The town declared impasse with the police union July 19, although both parties may still reach an agreement this week.
The union is attempting to hold a vote to decide which of three retirement options that the town has offered is most acceptable.
The town will leave all three options on the table even though it declared impasse. The union has until Thursday to make a final decision. If the union does not select an option this week, the impasse process will begin.
The 11 members of the union are wrestling with choosing one of three retirement options that Town Manager Dave Bullock has offered.
Whatever the union chooses is a change from the current retirement option, in which officers put 10% of their paychecks into a pension plan the town is set on closing before Oct. 1.
Bullock is offering the union two different pension options with the Florida Retirement System (FRS).
Longboat Key firefighter/paramedics took a similar FRS option earlier this year when they agreed to split required FRS contributions 50/50, with the town’s maximum contribution capped at 13%.The contract also gave firefighters a 3% wage increase.

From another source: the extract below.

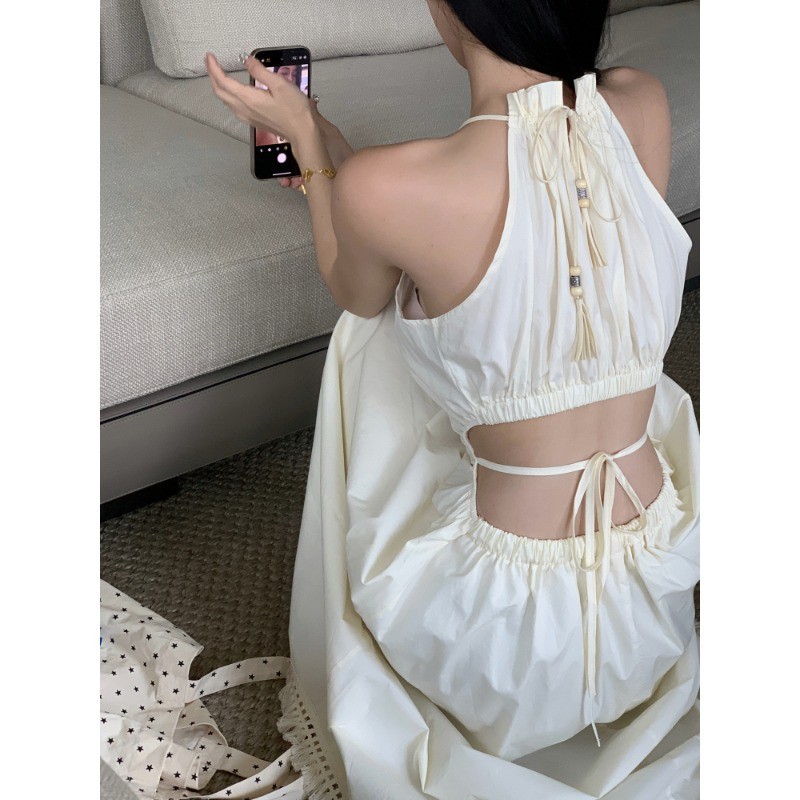 목 교수형 슬링 원피스 어린이 여름 디자인 센스 할로우 아웃 오픈 허리 슬리밍 우아한 해변 휴가 원피스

But with FRS pension costs rising, police officers are afraid to take an FRS option that would take more money out of their paychecks after the town’s cap is reached and officers must pay for costs above that cap.
That leaves another option that might be more appealing for officers.
Since the start of negotiations in March, Bullock has offered a 401(a) retirement plan option that includes a 3% pay increase and gives officers another 7% increase in take-home pay.
That’s because police officers currently invest 10% of their pay in an underfunded pension plan the town wants to freeze.
The employee who elects to make a voluntary 3% contribution, which the town will match, will still have 7% more take-home money that the employee can utilize for other purposes, including additional voluntary contributions to the defined contribution plan.
As part of the proposal, the town will make a 10% contribution for employees even if an employee chooses to put aside none of his salary to the plan. If an employee, though, invests a 3% contribution, the town will match that 3%, giving an employee a combined 16% total contribution to the plan.
And if an employee elected to make a 3% contribution to be matched by the town and utilized the additional 7% for an additional unmatched contribution to the plan, then the total percentage toward retirement, including Social Security, would be 35.4%.
The offer also comes with 2% wage increases in years two and three of the contract.
With the Longboat Key Town Commission’s direction, Bullock intends to finalize a contract and freeze the police pension plan by Oct. 1, with the town’s other two pension plans.
If the union doesn’t accept an offer by its deadline, the town is prepared to offer officers only a one-year contract with only a 401(a) option for a retirement plan during the impasse proceedings.